What effects does electronic and other media violence have on aggressive behavior?

Q. What effects does electronic and other media violence have on aggressive behavior?
Electronic and other media violence has been pointed as a causative of desensitization. This ranges from increases in the probability of aggression behavior to the parties involved. They lead also to an upsurge in aggressive ideas and lessen assisting behavior (psychological sympathy) to real violence victims. Lack of psychological sympathy can be reflected in ways such as watching without helping as an individual is assaulted by perpetrators.
Young people who are exposed to media violence are rendered more aggressive instantaneously after they have watched the material and later in their adulthood become more aggressive (Ferguson, 2007). People who watch electronic and media violence have their physiological reaction reduced when they encounter actual violence compared to those who haven’t be subjected to such materials and have emotional reactions to violence are reduced.

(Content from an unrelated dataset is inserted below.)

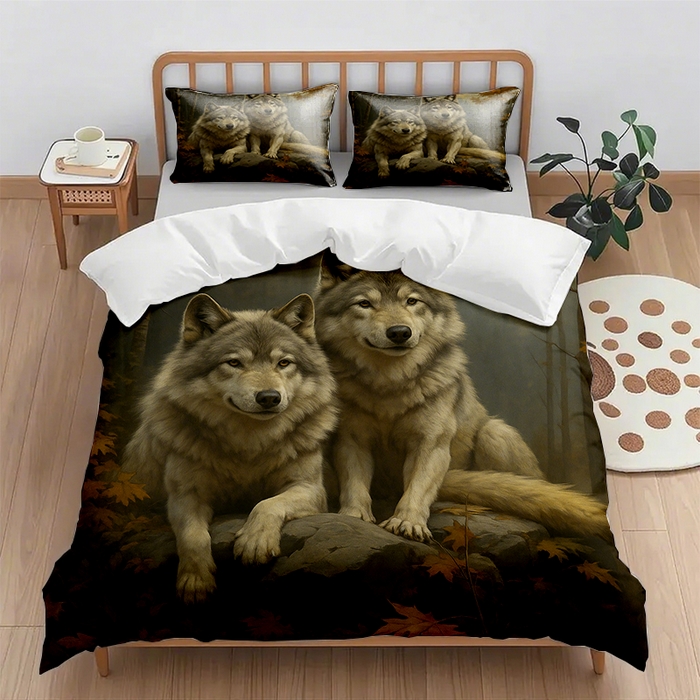 91家纺网 家纺一手货源 找家纺 （总1）轩贝雅 2025新款跨境Pod工厂数码印花被套套装（被套+枕套）第六批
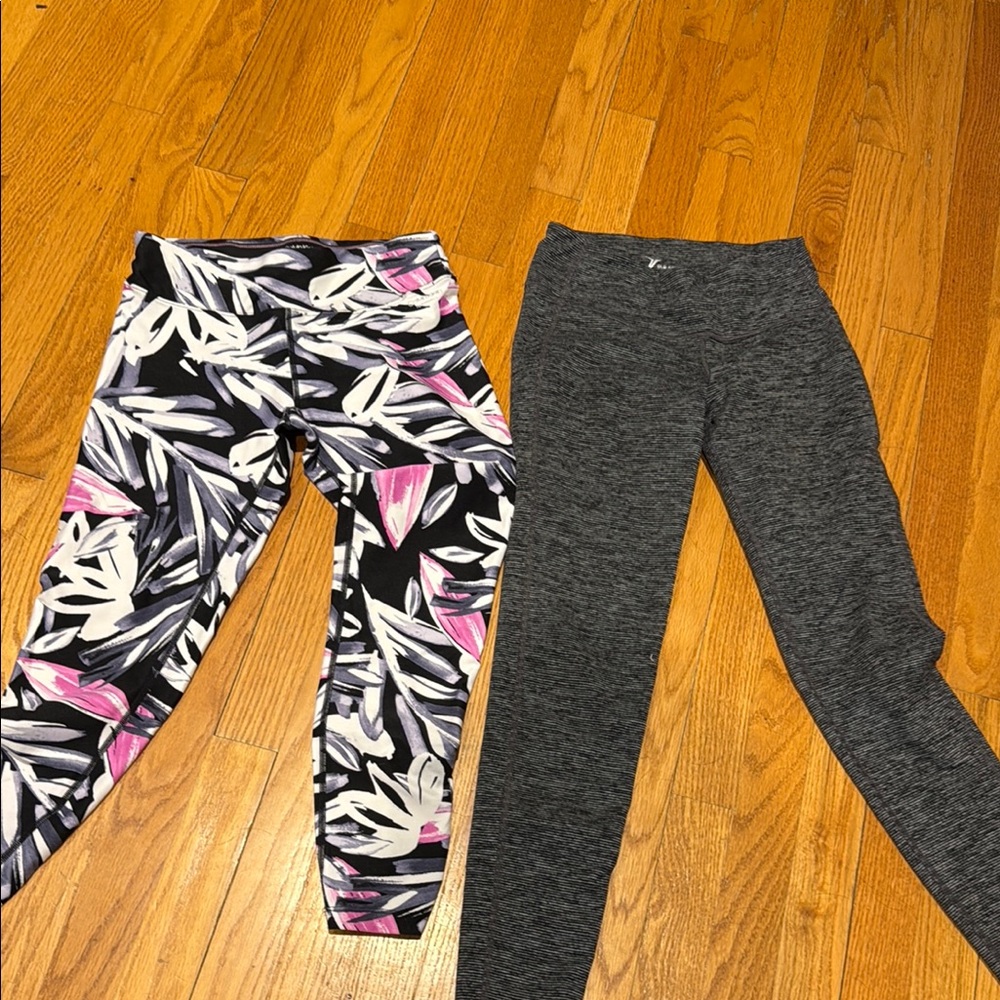 Floral and Gray womans Leggings Set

People who watch violent media such as video games become familiarized to the violence and when it comes to actual violence, they become insensitive to it psychologically. To cite an example of violent video game players, the persons may be more likely get affiliated with violent due to their emotional connections to violent video characters while they are playing. The persons may also be supporters and/or sympathizers of violent actions and there is a high probability for them to be exposed to violent circumstances. Thus, electronic and media violence leads to likeliness of an individual indulging in risky behaviors.
Desensitized onlookers of individuals involved in an accident might have a perception that the injured don’t have serious injuries and thus deem an accident as not serious while actually it is an emergency. Electronic and media violence may make the players or watchers thin that violence is normal (Norman & Kaye, 2010). The people who watch or play violent video may make them have a soft stance towards violence thus decreasing their negative perceptions of violence: an act that lessens their attitude of individual accountability.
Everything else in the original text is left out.